Hiç unutmam, bir Orta Karadeniz kasabasındayız. Küçük bir kasaba, genelde sağ görüşten insanlar hâkim. Lise öğrencisiyim, sol fikirler yeni, çekici… Hedefte “faşistler” var. Bir gün çıka çıka bu “faşist” grubun önde gelen isimlerinden birisi çıktı karşıma… Ben halkçıyız, emekten yanayız, yoksulda garibandan yanayız, halkı kurtaracağız diyorum ya; karşımda “faşist” dediğim delikanlı, kasabanın en gariban adamlarından birisinin oğlu! Babası bir ayakkabı tamircisi… Çocuk çok heyecanlı… Sanıyor ki, kasabadaki “goministler”, bir grup çocuk, yok edilirse, kasaba kurtulacak, hem ailesi hem kasabası için ortalık cennete dönecek! Buna kendisini sahiden inandırmış. Kavgaya dünden hazır, keskin bir sustalı taşıyor…
Can korkusu değil de kafamda bir korku, bir çelişki var: Ya biz, hani fakirlerin hakkını savunacaktık… Bu adamın fakirlikte benden aşağı kalır bir yanı yok ki… Bu çocukla niye kavga etmiş olacağım? Ne yapsam, etsem derken bir anda öne çıktım ve “Bak gidip seni … amcaya şikayet edeceğim” deyiverdim. Şikayet etmekle tehdit ettiğim kişi, babası.
Bir anda elindeki sustalının ucunun aşağı çevrildiğini fark ettim. Tehdit yerini bulmuştu. Biraz da “Ben sana ne yaptım da bıçakla yolumu kesiyorsun” türünden diyaloga girince, o da benle kavga etmesinin bir anlamı olmadığı sonucuna vardı sanırım.
“Türk milliyetçileri”nin kanını akıttığı insanların nerdeyse tamamı Türk idi… Türk olmayanlar da T.C vatandaşıydı. Bundan yaman çelişki olur mu….

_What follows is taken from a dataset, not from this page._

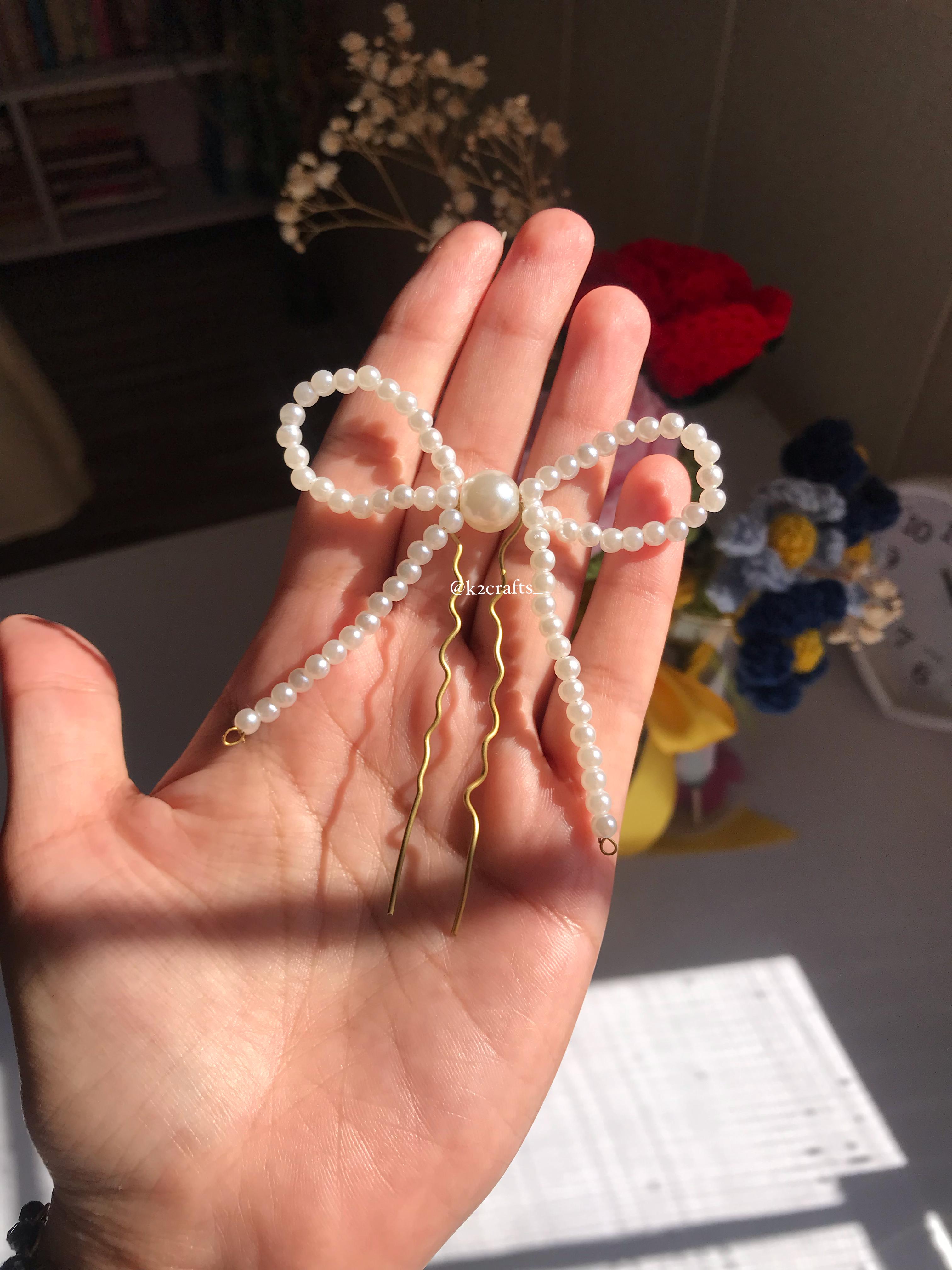 Pearl Bow Hair Fixator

Bugün, 40 yıl geriye bakıldığında artık kendisini “Milliyetçi” olarak tanımlayan insanların, bu tuzağı görmüş, hissetmiş olduklarını umuyorum. Yeterli olmamakla birlikte MHP’deki değişimin altında da bu tespitin yatmış olabileceğini tahmin ediyorum.
Yine nedense Akıncılık, Milli Görüş vs. siyasal hareketlerin de baş düşmanı sadece solcular oldu. Sadece Müslüman ailelerin çocukları ile kavga ettiler… Sadece insanların dini inancı ve yaşam tarzıyla ilgilenmek bunlar için yeterli olmadı. Kimi yerde patronların, grev yapan, sendikalaşma çabası içinde bulunan işçilerin üzerine bu tür “İslamcı” gençleri gönderdiğini duyduk.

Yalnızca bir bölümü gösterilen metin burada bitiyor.